French Rugby Chief Says Rugby Still Safe
French Rugby Chief Says Rugby Still Safe
Bernard Laporte discusses head injuries after four players meet tragedy this season.
Shaken by recent deaths of young players in France, French Rugby Federation president Bernard Laporte says the game is still safe.
Rugby, said Laporte, "is half as dangerous as 10 years ago."
The former France coach was speaking at a lunch for the Bien Joue ("Well Played") program, launched in French schools after Louis Fajfrowski, 21, died following a heavy tackle playing for Aurillac in August.
A 17-year-old amateur Adrien Descrulhes died in May, a day after receiving a blow to the head playing for amateur club Billom. In December, Stade Francais youth flanker Nicolas Chauvin, 18, died after breaking his neck. At the start of the year, Nathan Soyeux, a 23-year-old student, died in hospital in Dijon after a tackle in a match.
It was the fourth rugby death in France in eight months
"An accident is always an accident too many, but when we look at the statistics, we see that rugby is half as dangerous today as it was 10 years ago," Laporte told journalists.
Since Chauvin's death, the FFR and the French league have suggested World Rugby consider banning tackles by more than one player at a time and lowering the permitted tackle line to from the shoulders to the waist.
That "would also make the game more fluid," Laporte said.
"There is no safe sport. It does not exist," Laporte continued.

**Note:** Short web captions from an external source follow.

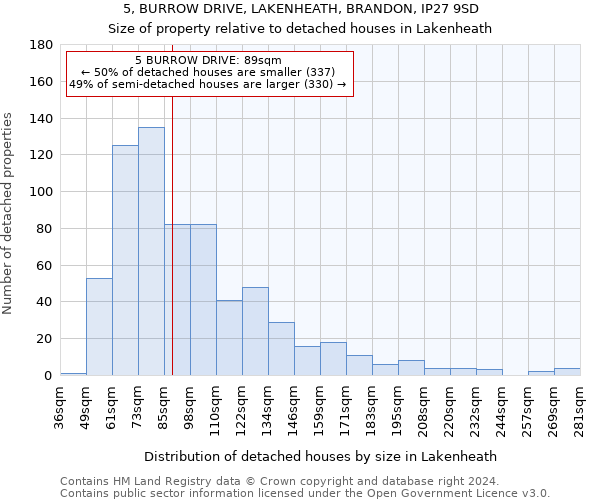 5, BURROW DRIVE, LAKENHEATH, BRANDON, IP27 9SD: Size of property relative to detached houses in Lakenheath
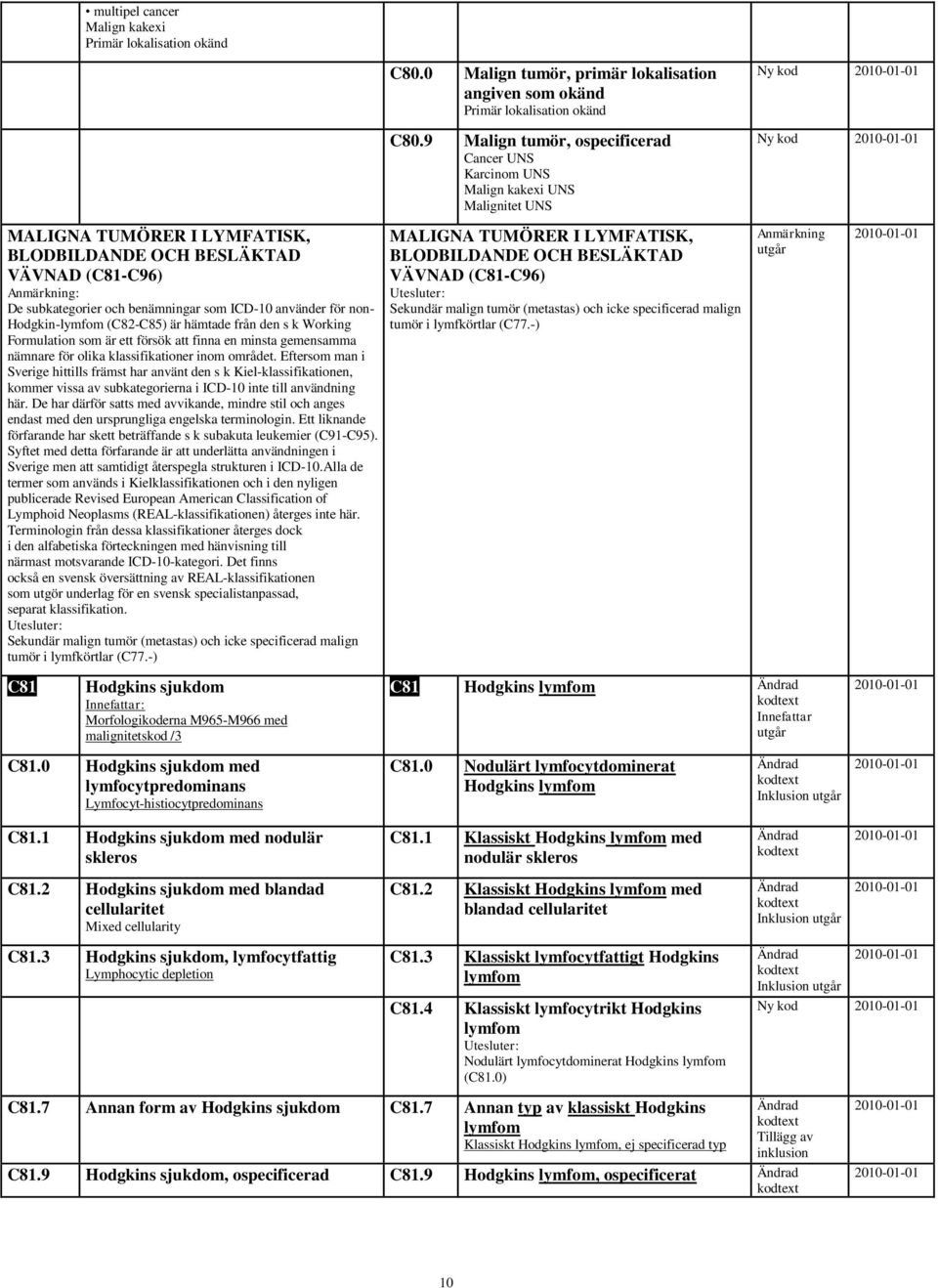 benämningar som ICD-10 använder för non- Hodgkin-lymfom (C82-C85) är hämtade från den s k Working Formulation som är ett försök att finna en minsta gemensamma nämnare för olika klassifikationer inom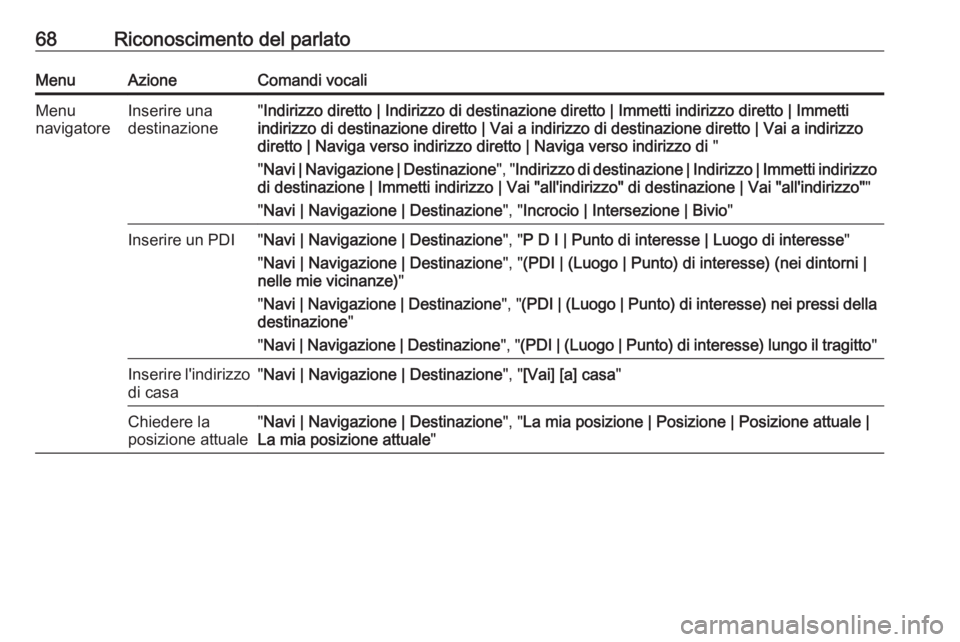 OPEL CASCADA 2017  Manuale del sistema Infotainment (in Italian) 68Riconoscimento del parlatoMenuAzioneComandi vocaliMenu
navigatoreInserire una
destinazione" Indirizzo diretto | Indirizzo di destinazione diretto | Immetti indirizzo diretto | Immetti
indirizzo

"When we look at all the other sports, we cannot say that rugby is the most dangerous, far from it, it's not true. Statistics show that in some sports there are far more accidents," Laporte said, citing cycling and "mountain" sports.
Meanwhile, World Rugby has scheduled a forum on injury prevention in Paris, March 19-20, and has started more safety initiatives.
The Professional Rugby Injury Surveillance Project for the English elite game published last week said concussions have dropped by 14 percent.
World Rugby, in collaboration with its unions and player representatives, will host a dedicated injury prevention laws review forum in Paris in March, kicking off the quadrennial laws review cycle. With the tackle responsible for up to 50 percent of match injuries and 73 percent of concussions in elite rugby, stakeholders will review the latest global injury surveillance data and consider the three-phase approach to lowering the tackle height, while being encouraged to table suggestions for innovative and robust injury-prevention via possible law alteration.
"Our major focus is the tackle, which is the most common facet of the game, and this year we will complete the initial analysis on the reduced tackle height trials," said World Rugby Chairman Bill Beaumont. "We are also hosting a wide-ranging laws forum in Paris in March, with a focus on injury-prevention and how evaluation and evolution of the laws might positively impact this area within the next four-year laws review cycle."